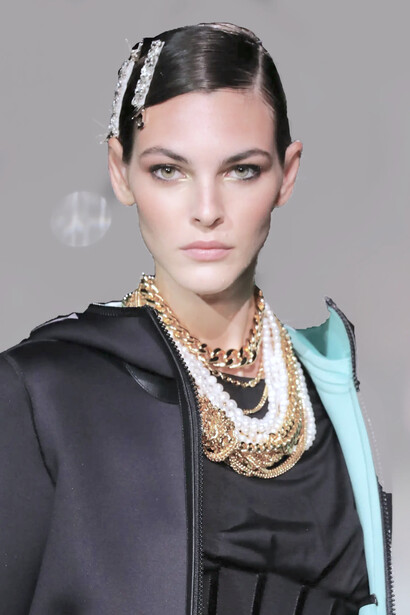 Modelo utiliza colares de pérolas e correntes de ouro, além de fivelas com detalhes prateados no cabelo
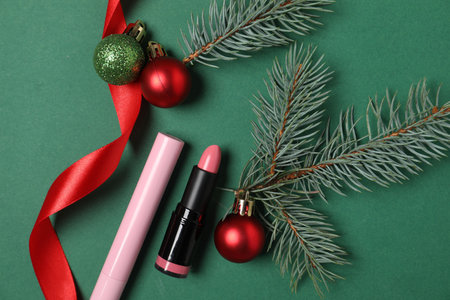 Flat lay composition with makeup products and Christmas decor on green backgroundの写真素材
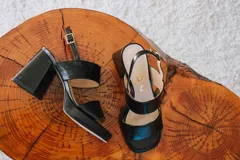 Sandalias de plataforma color borgoña, confeccionadas en charol. Tienen dos tiras anchas sobre el empeine, pulsera con hebilla al tobillo y taco cuadrado de 9 cm.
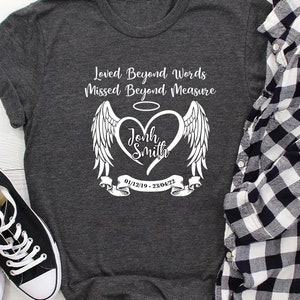 May include: A grey t-shirt with a white graphic of a heart with angel wings. The heart has a halo above it and the text "Loved Beyond Words Missed Beyond Measure" is above the heart. The text "John Smith" is inside the heart and the dates "01/12/19 - 23/04/22" are below the heart.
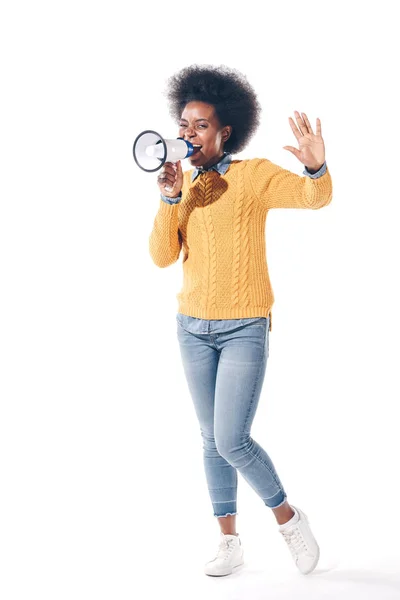 Attractive african american girl screaming into megaphone, isolated on white — Stock Photo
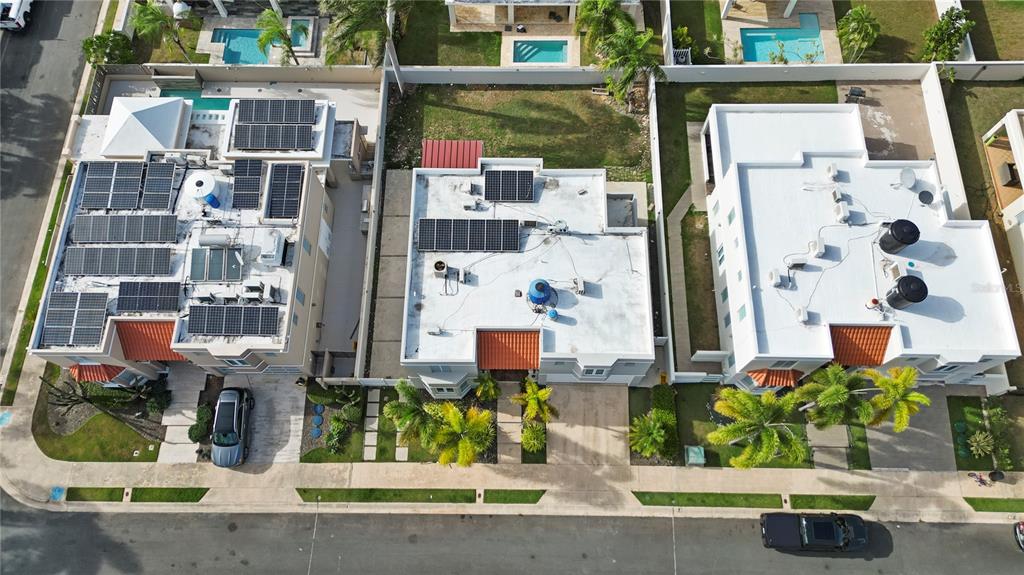 An aerial view shows three residential houses with swimming pools and solar panels on their roofs — L2 MAR MEDITERRANEO STREET, DORADO, PR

● **Your assignment**: Output, exactly and with no pictures, every line from the one that contains "Attractive african american" through the final line of the entries.

● **Written answer**:
 Attractive african american girl screaming into megaphone, isolated on white — Stock Photo
 An aerial view shows three residential houses with swimming pools and solar panels on their roofs — L2 MAR MEDITERRANEO STREET, DORADO, PR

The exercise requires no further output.